Canadian visa officials handling Syrian refugee cases referred by the UN were told to track the religion and ethnicity of applicants and to expedite the cases that met one of the former Conservative government's "areas of focus," according to new documents tabled in Parliament.

The documents confirm what The Globe and Mail first reported in October, that the Conservative government had created a triage system for UN-referred Syrian refugees that determined which groups got to the front of the line. The areas of focus, as the system was known, included those who belonged to a religious or ethnic minority, which the Conservatives had said would be the priority for Canada's resettlement efforts. That policy decision raised eyebrows, as it suggested Canada would discriminate among people already deemed highly vulnerable by virtue of their referral for resettlement by the UN refugee agency.

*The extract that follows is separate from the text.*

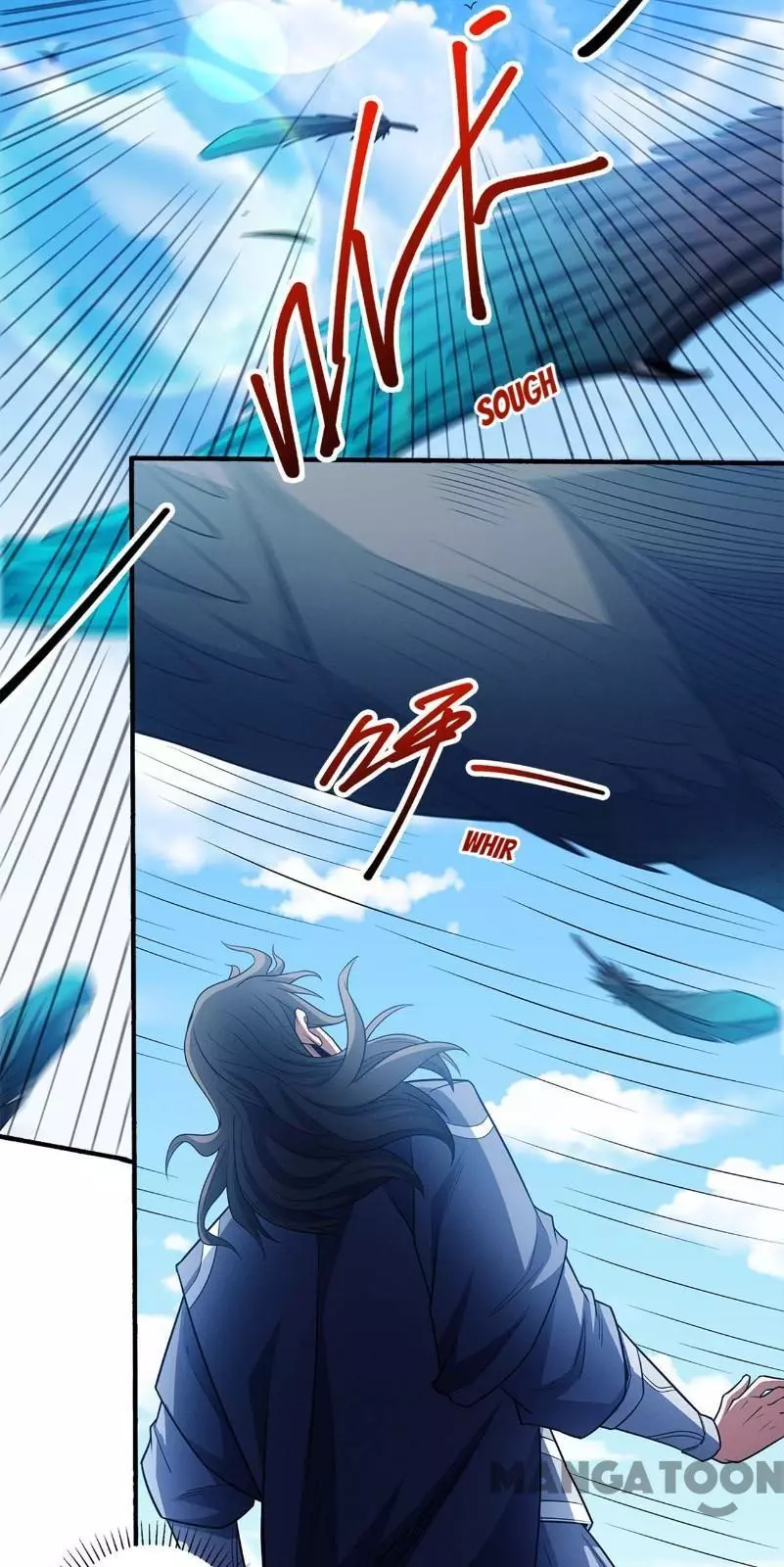 God of Martial Arts Chapter 665 page 14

The Liberal government tabled the documents this week in response to questions from New Democrat MP Jenny Kwan, who asked what instructions had been given to processing officers regarding the religion or ethnicity of Syrian refugees. The immigration ministry said officers in Beirut and Amman were told in February of last year to expedite processing those cases that met at least one area of focus. Cases that did not were placed in the regular inventory and dealt with more slowly. By law, Canada is required to process all cases referred by the UN.

The government, in its response to Ms. Kwan, denied that it is giving priority on the basis of religion or ethnicity to refugees for resettlement. It said it ceased tracking areas of focus in November, 2015. At the time, Liberal immigration minister John McCallum told The Globe the government would scrap them.

The areas of focus, which were never made public, did not just target religious and ethnic minorities. They also included categories that resembled criteria usually associated with selecting immigrants for economic migration, such as those who had run a business in Syria but were not connected to the governing regime, those who spoke English or French, and families whose children were under 10 years of age. Other categories focused on LGBT people and women who had been victims of violence, as well as those living outside refugee camps, or who had family connections in Canada.

In June, the government halted the processing of UN-referred refugees as it conducted an audit of those it had already admitted. One of the purposes of the audit was to determine how many of the refugees met one or more of the areas of focus, as well as to ensure that security concerns were properly addressed. The halt lasted 2 1/2 months as the refugee crisis in Europe was nearing its peak.

The documents show that Canada's UN-referred refugee admissions dropped from a high of 62 in June to nine in July and 16 in August. For all of 2015, up to Dec. 14, Canada admitted only 411 government-sponsored refugees. It admitted 8,214 privately sponsored refugees in that period.